When is a convex cone in $\mathbb{R}^n$ finitely generated by a subset?

Question

A convex cone is a set $C\subseteq\mathbb{R}^n$ closed under adittion and positive scalar multiplication. If $S\subseteq\mathbb{R}^n$ we consider $p(S)$ defined as the set of all positive linear combinations (this is, all linear combinations where the coefficients are positive). Of course $p(S)$ is a convex cone.

If $C$ is a convex cone, is there $S\subseteq C$ finite such that $C=p(S)$?

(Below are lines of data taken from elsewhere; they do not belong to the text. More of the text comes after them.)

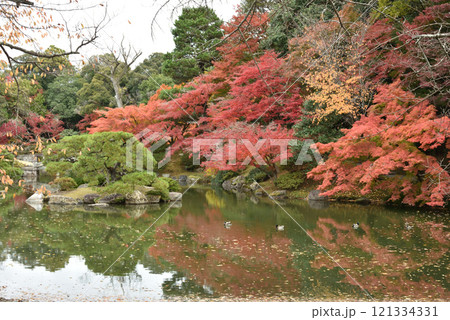 秋の仙洞御所　南池の葭島付近 121334331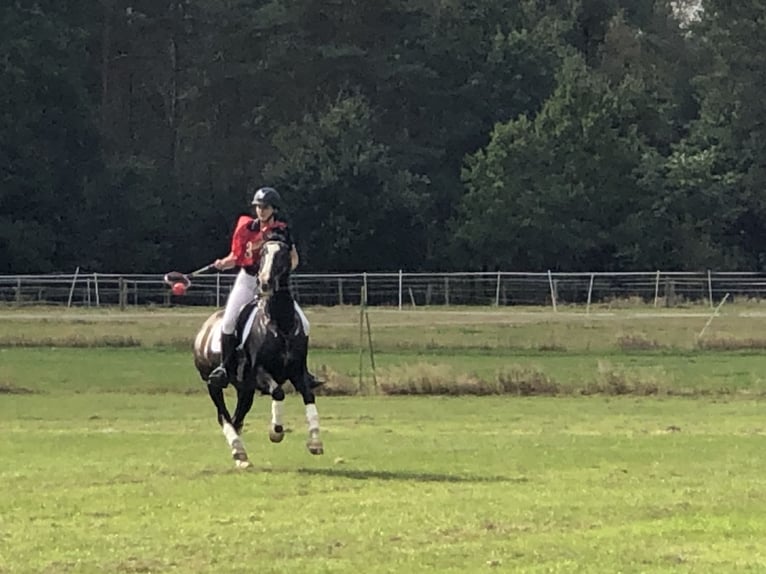 Criollo Wallach 11 Jahre 155 cm Rappe in Bienenbüttel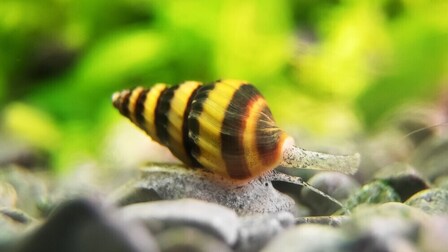 Best Freshwater Snails For Aquarium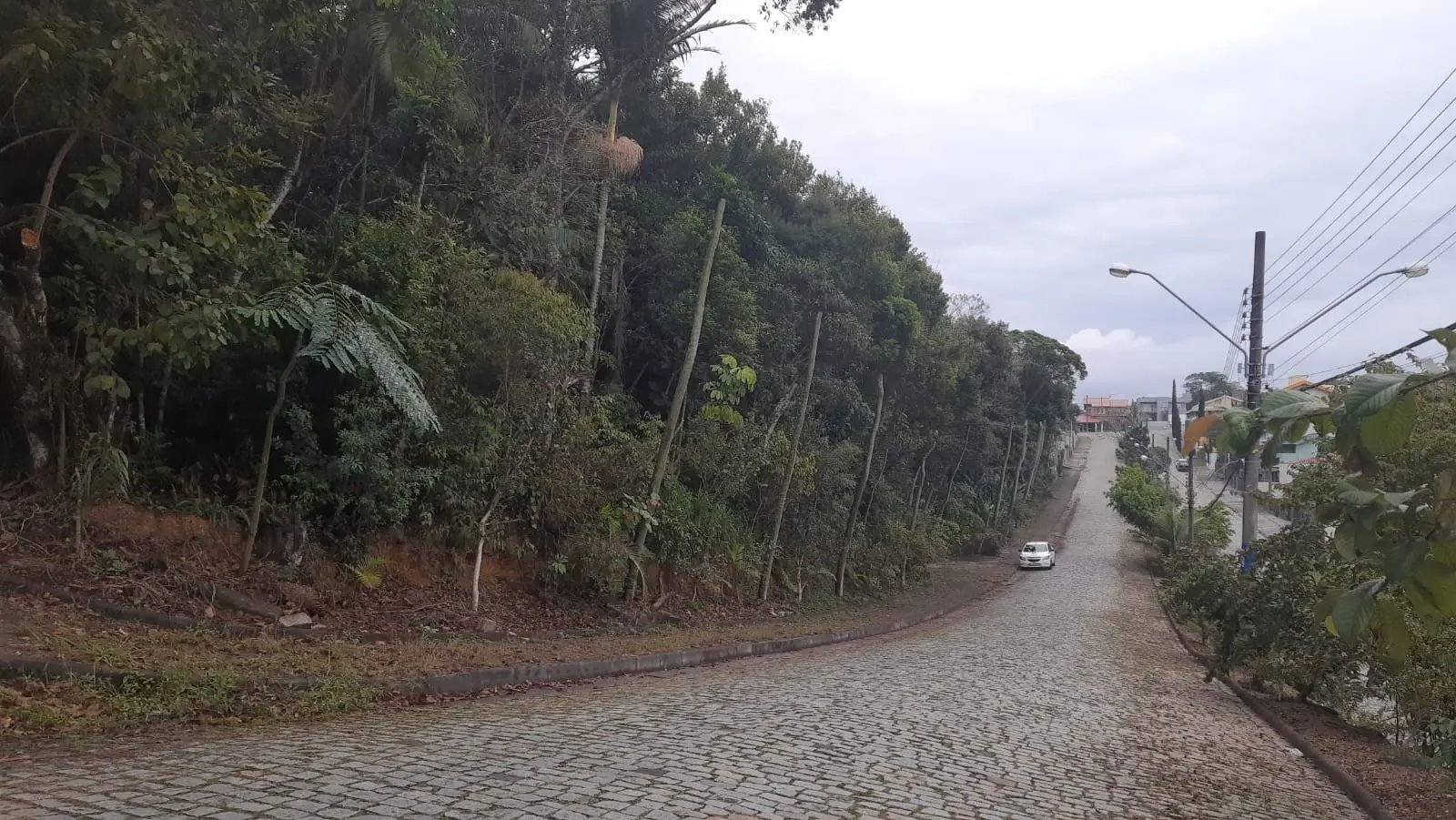 (Video) Associa&ccedil;&atilde;o de Moradores questiona corte de &aacute;rvores de &aacute;rea ecol&oacute;gica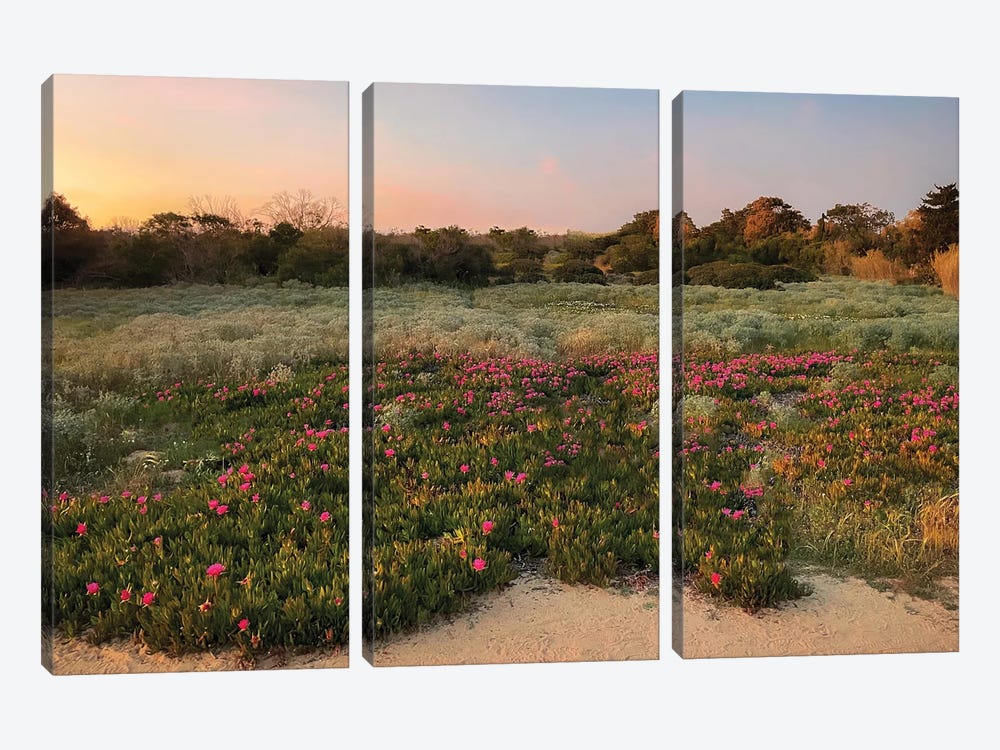 Field Of Flowers Blossoming In The Sunset On The Portugese Coast by Michael Schauer 3-piece Canvas Art Print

The answer to this question is no. For instance, take $S$ as any two independent vectors in $\mathbb{R}^2$ and take $p(S)$ without its boundary. The obtained convex cone is not finitely generated.

It's simpler than that. It can be proved that $p(S)$ is always closed in $\mathbb{R}^n$ for any $S\subseteq\mathbb{R}^n$ finite. Then how about this?

If $C$ is a closed convex cone, is there $S\subseteq C$ finite such that $C=p(S)$?

Does anyone know a counterexample or is it true?

Answer 1

Counterexample in $\Bbb R^3$: the full cone with basis a disk (cone, for the layman). A finitely generated convex cone in $\Bbb R^3$ would just be some sort of full infinite pyramid with convex polygonal basis.

Addition: I've been tipped by the person next to me that it is however true for polyhedral cones, id est, cones in the form $\{x\in\Bbb R^n\,:\,Ax\ge 0\}$ for some matrix $A$. Truth to be told, I cannot weight on this, though.

Answer 2

Regarding the Addition part of G.Sassatelli

The claim is true for polyhedral cones.

Proof: (Sketch)

Let $C:=\{x\in\Bbb R^n\,:\,Ax\ge 0\}$, and $B \subset R^n$ be the closed Unit ball w.r.t $\|\|_{\infty}$ norm, i.e., $B$ is Unite Square centered origin. Now $C \cap B$ is compact polyhedral which generates $C$, in another words , $C=P (C \cap B)$. Note that for generating $C$ we don't need whole set $C \cap B$, but its extreme points are enough! Since $C \cap B$ is compact polyhedral it has finite extreme points, Therefore $C = P(ext(C \cap B))$.